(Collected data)
————————

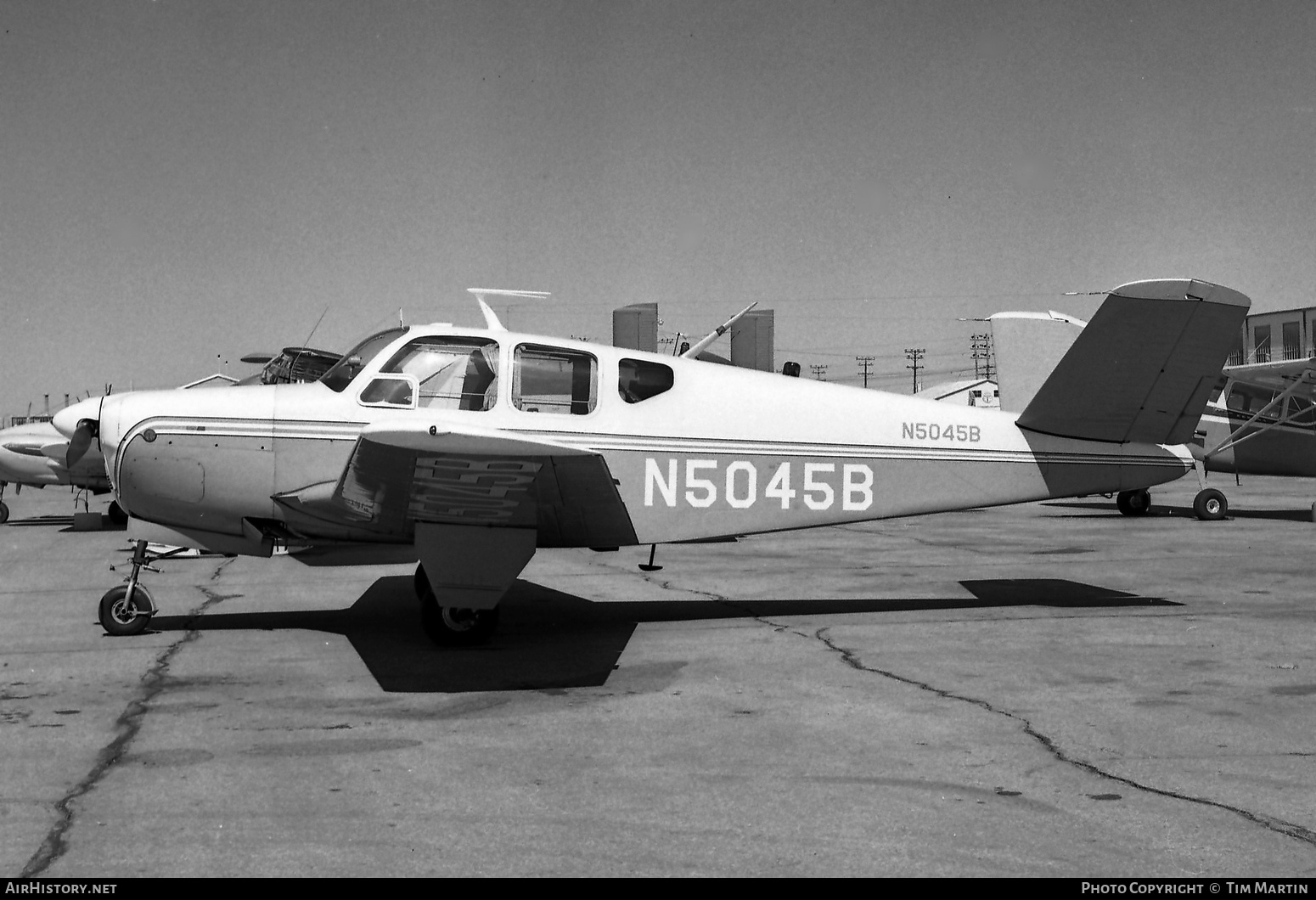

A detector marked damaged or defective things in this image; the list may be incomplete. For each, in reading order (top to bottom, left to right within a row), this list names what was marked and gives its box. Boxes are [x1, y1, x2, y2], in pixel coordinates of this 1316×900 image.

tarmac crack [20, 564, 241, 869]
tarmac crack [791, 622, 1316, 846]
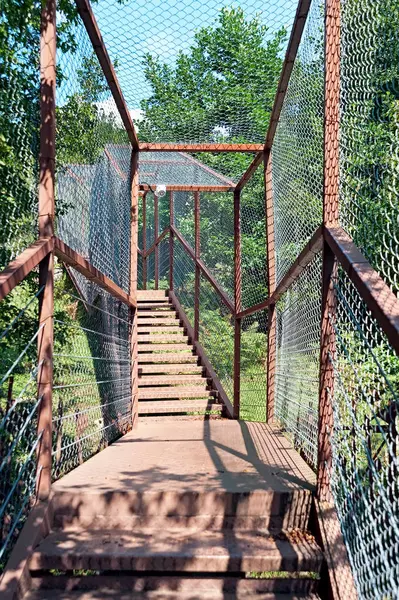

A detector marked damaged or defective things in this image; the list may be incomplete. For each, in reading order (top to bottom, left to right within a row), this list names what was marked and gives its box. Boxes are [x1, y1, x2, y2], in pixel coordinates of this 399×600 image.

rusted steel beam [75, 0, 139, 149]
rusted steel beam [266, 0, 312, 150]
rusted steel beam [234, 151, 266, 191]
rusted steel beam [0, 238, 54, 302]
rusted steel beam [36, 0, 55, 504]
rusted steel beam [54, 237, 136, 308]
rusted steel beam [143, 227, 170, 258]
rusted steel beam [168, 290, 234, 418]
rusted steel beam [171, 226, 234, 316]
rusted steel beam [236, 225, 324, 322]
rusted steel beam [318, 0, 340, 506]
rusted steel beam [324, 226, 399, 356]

————————

:: What is needed ::
Repeat the records word for word, skipping pictures.

:: The answer ::
A detector marked damaged or defective things in this image; the list may be incomplete. For each, in reading order (top to bottom, left to right within a row), this list names what was marked and gives its box. Boxes are [x1, y1, x2, y2], in pixel coordinates of this 1316×900 image.

tarmac crack [20, 564, 241, 869]
tarmac crack [791, 622, 1316, 846]

A detector marked damaged or defective things in this image; the list may be incomplete. For each, in reading order (top to bottom, left to right within a row), this list names what was marked and gives its box. Boxes are [x1, y1, x2, y2], in pixel coordinates of this 399×600 image.

rusted steel beam [75, 0, 139, 149]
rusted steel beam [266, 0, 312, 150]
rusted steel beam [234, 151, 266, 191]
rusted steel beam [0, 238, 54, 302]
rusted steel beam [36, 0, 55, 504]
rusted steel beam [54, 237, 136, 308]
rusted steel beam [143, 227, 170, 258]
rusted steel beam [168, 290, 234, 418]
rusted steel beam [171, 226, 234, 316]
rusted steel beam [236, 225, 324, 322]
rusted steel beam [318, 0, 340, 506]
rusted steel beam [324, 226, 399, 356]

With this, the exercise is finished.